Repeat exactly the lines that begin at the one containing "A modern kitchen" and end at the final line of the records; include no pictures and nothing else.
(Source records)
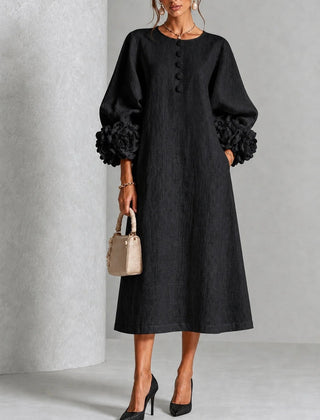 Black floral midi dress with button front and rose-cuff puff sleeves, full front view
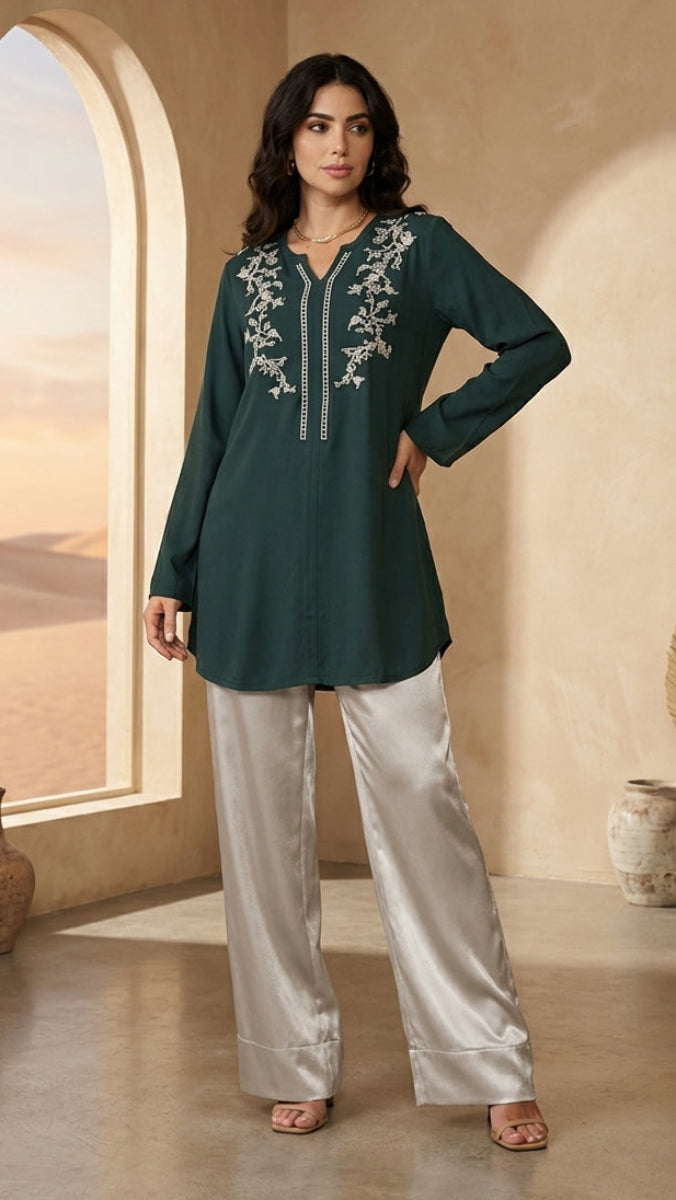Woman wearing a dark green embroidered top and light gray pants in a warm-toned room.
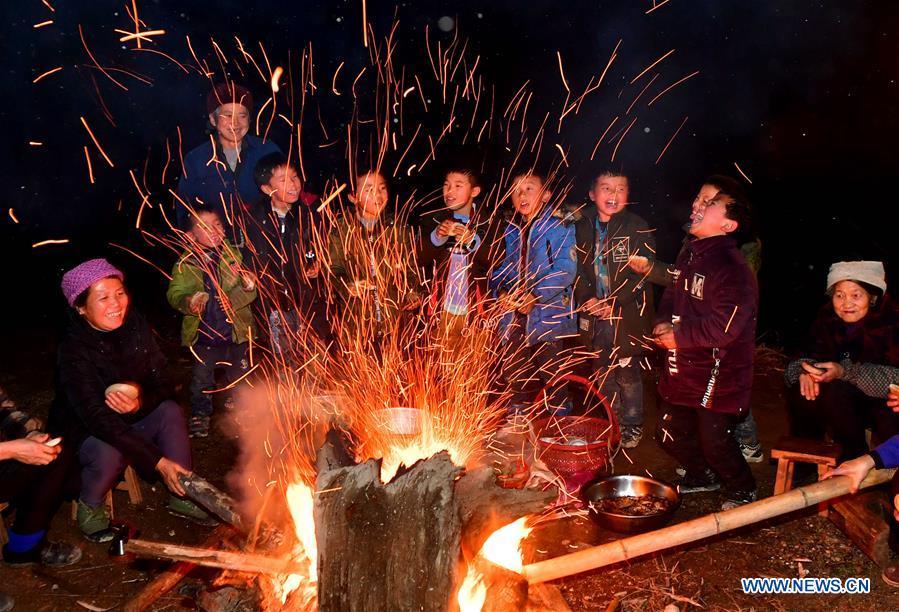 Villagers get together outdoor in Rongshui, Liuzhou City of south China\'s Guangxi Zhuang Autonomous Region, Jan. 5, 2019. Local Miao people celebrated their traditional New Year in various ways. (Xinhua/Huang Xiaobang)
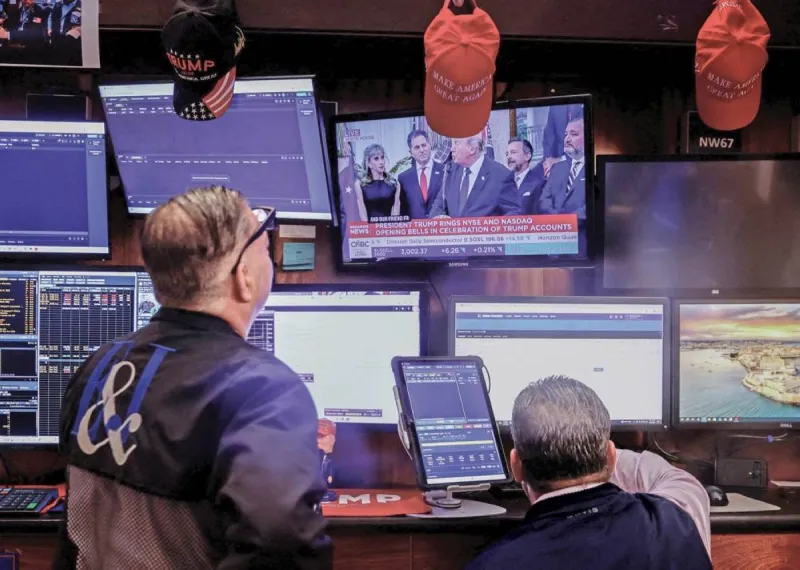 A trading floor screen displaying global stock market indices amid fluctuating AI sector and oil price movements.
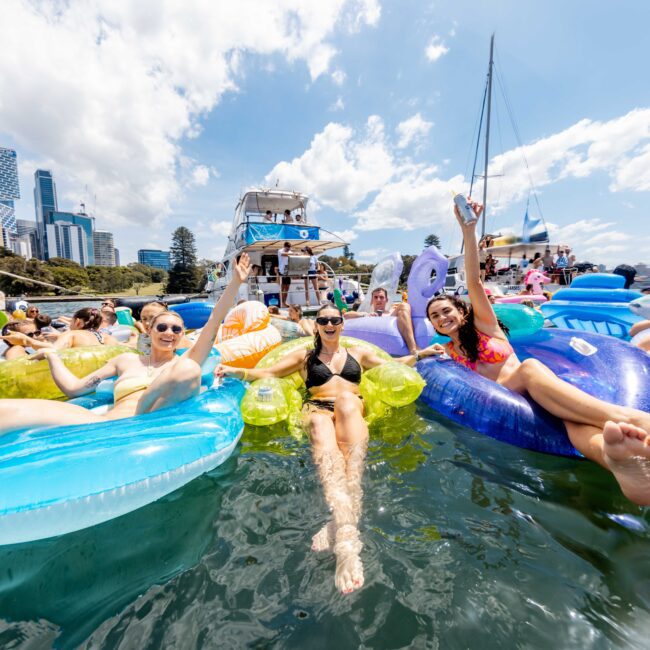 A group of people are relaxing on colorful inflatable floats in the water. They are smiling and posing for the camera. In the background, boats and a city skyline are visible under a partly cloudy sky.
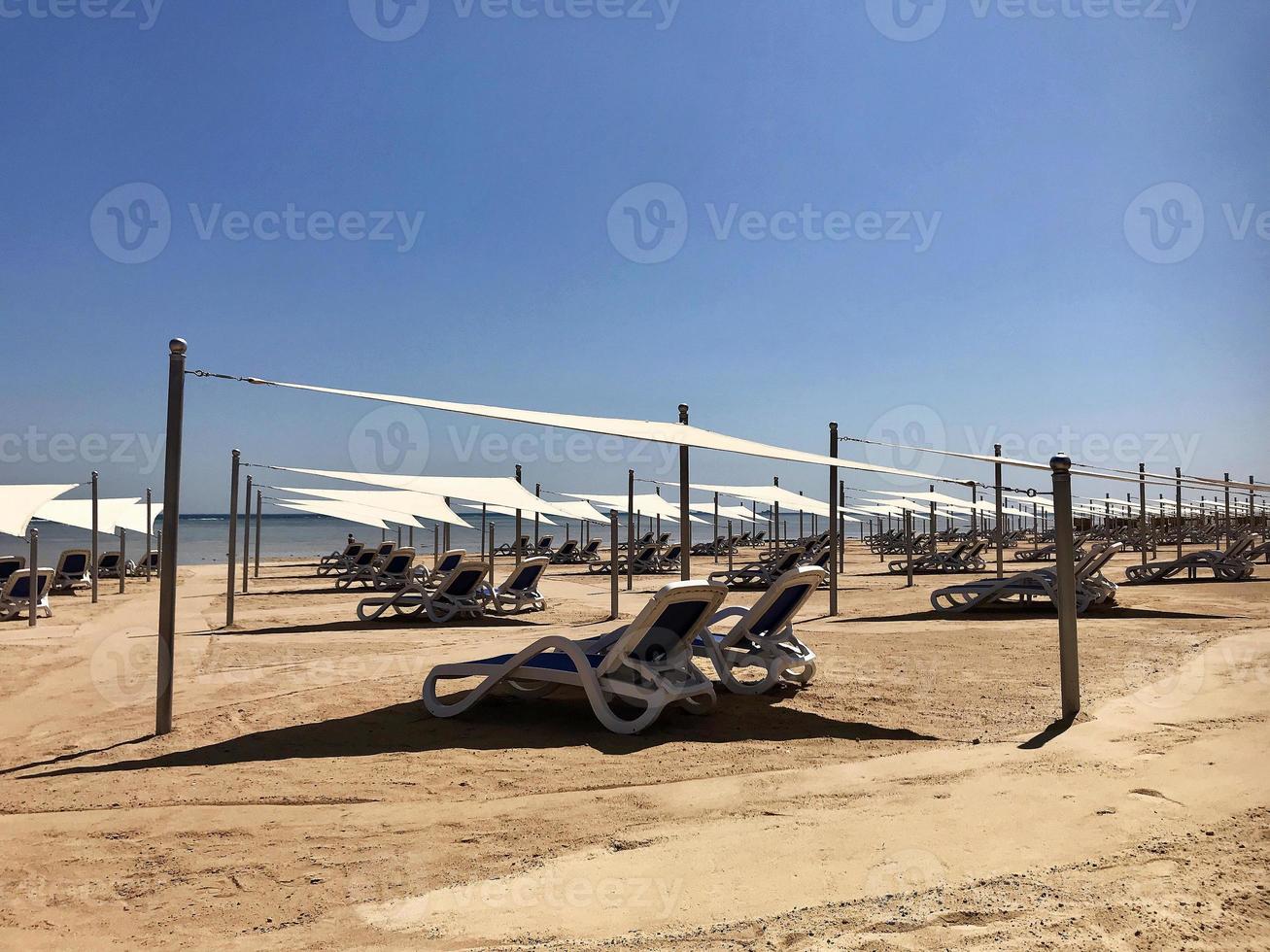 snygg solstol i gul sand till solstol på stranden på sommaren under öppen himmel foto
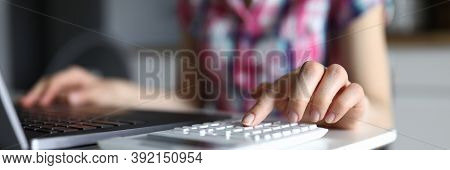 Close-up Of Young Woman Working On Computer And Typing On White Calculator. Female Accounting Family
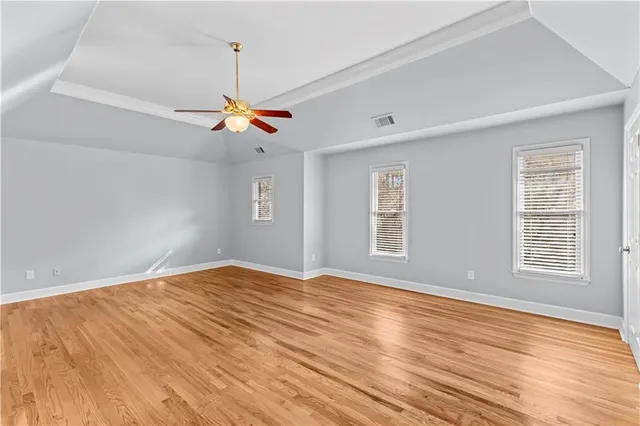a view of empty room with wooden floor and fan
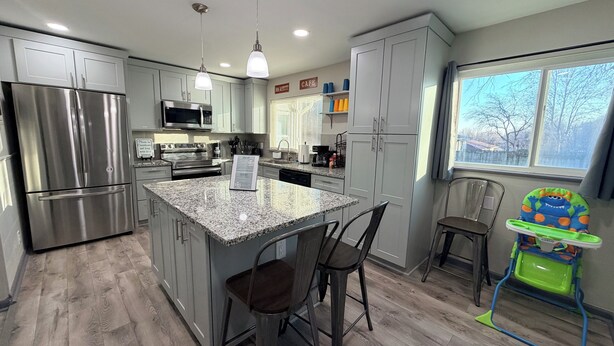 A modern kitchen with granite countertops, stainless steel appliances, and a central island. - ✧KC Speedway Retreat - 10 mins to Everything!✧ (Kansas City)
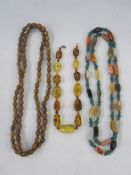 Agate and green stone necklace, amber-type necklace and another (3)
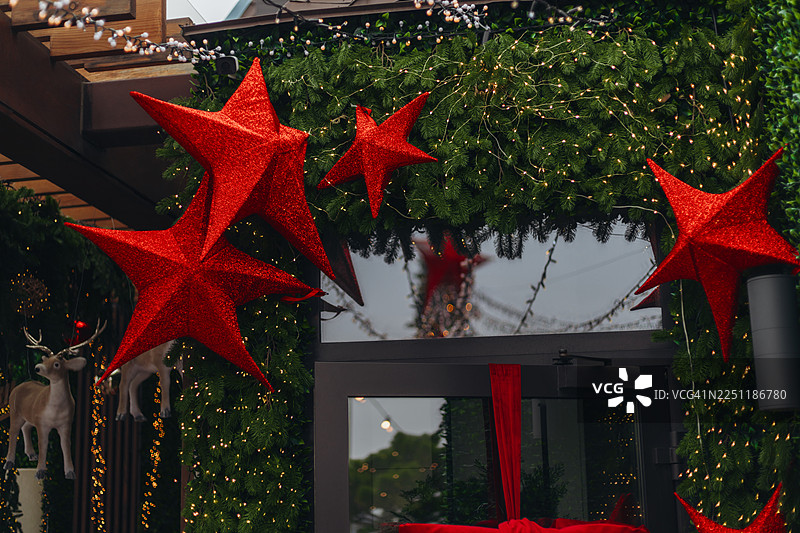 一个圣诞入口，装饰着巨大的闪亮红星、郁郁葱葱的绿花环和闪烁的灯光。图片素材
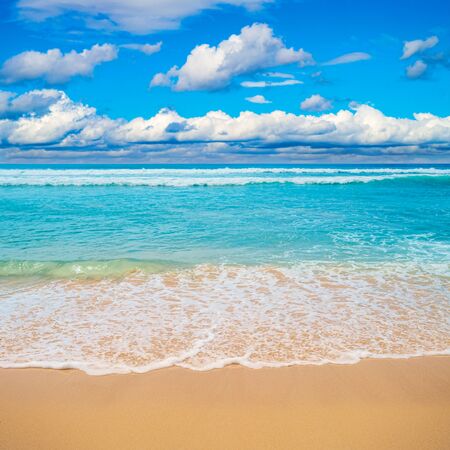 Sea waves white foam over golden beach sand summer background.の写真素材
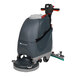 A NaceCare Solutions cordless walk behind floor scrubber with a green and black machine, wheels, and a handle.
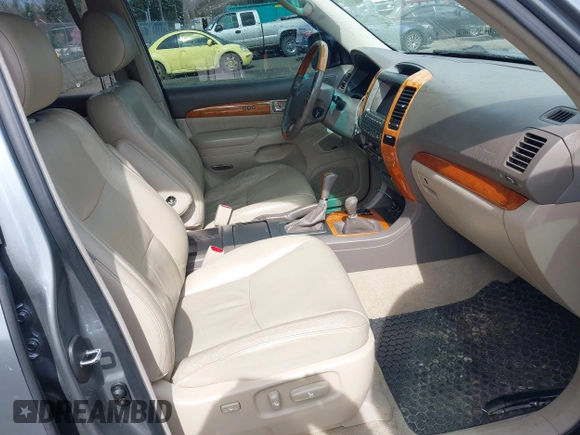 2005 Lexus GX 470 with VIN JTJBT20X650076318, listed as a IAAI auction lot 41896094 with 221,348 mi miles and . Bid and sale history available at DreamBid. Image 5.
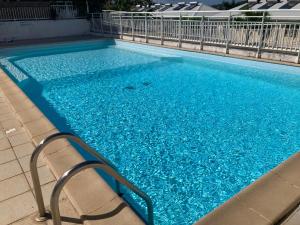 una piscina con acqua blu in un edificio di Logement Charme vanillé - Gosier - 2 chambres - Piscine - Wifi - Parking a Le Gosier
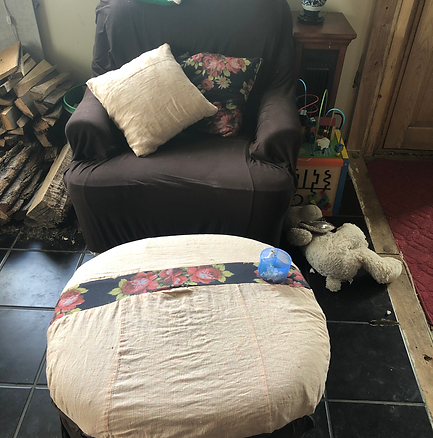 Homemade orange, brown and flowered ottoman and chair covers with matching pillows to prolong the life of old furniture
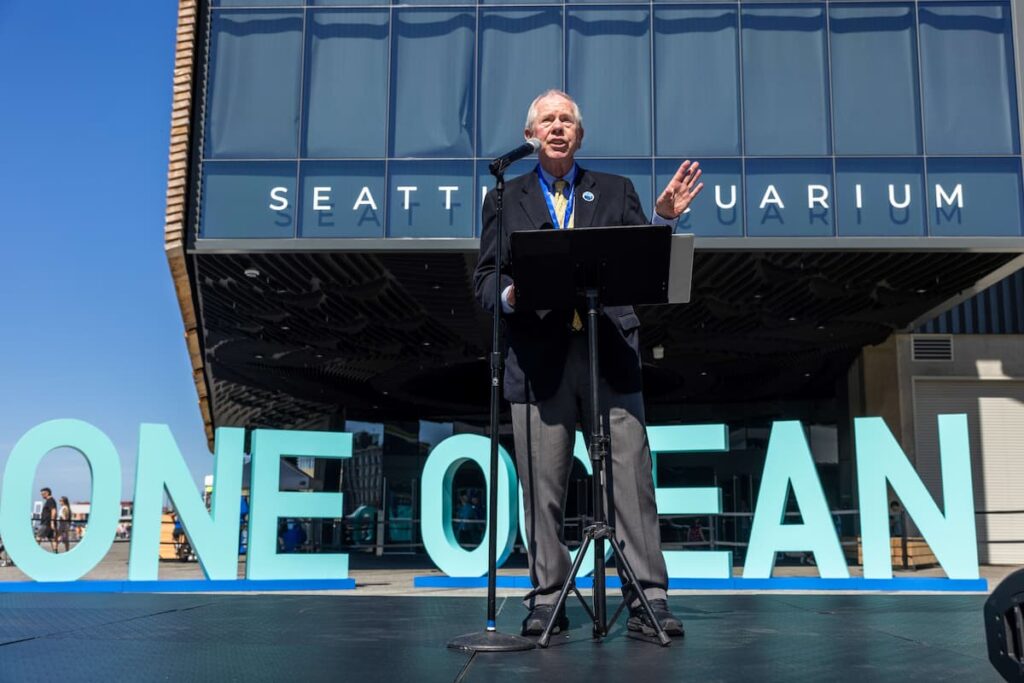 Bob Davison speaking into a microphone in front of the Seattle Aquarium's Ocean Pavilion.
(End Source records)
- **Solution for this problem**
 A modern kitchen with granite countertops, stainless steel appliances, and a central island. - ✧KC Speedway Retreat - 10 mins to Everything!✧ (Kansas City)
 Agate and green stone necklace, amber-type necklace and another (3)
 一个圣诞入口，装饰着巨大的闪亮红星、郁郁葱葱的绿花环和闪烁的灯光。图片素材
 Sea waves white foam over golden beach sand summer background.の写真素材
 A NaceCare Solutions cordless walk behind floor scrubber with a green and black machine, wheels, and a handle.
 2005 Lexus GX 470 with VIN JTJBT20X650076318, listed as a IAAI auction lot 41896094 with 221,348 mi miles and . Bid and sale history available at DreamBid. Image 5.
 una piscina con acqua blu in un edificio di Logement Charme vanillé - Gosier - 2 chambres - Piscine - Wifi - Parking a Le Gosier
 Homemade orange, brown and flowered ottoman and chair covers with matching pillows to prolong the life of old furniture
 Bob Davison speaking into a microphone in front of the Seattle Aquarium's Ocean Pavilion.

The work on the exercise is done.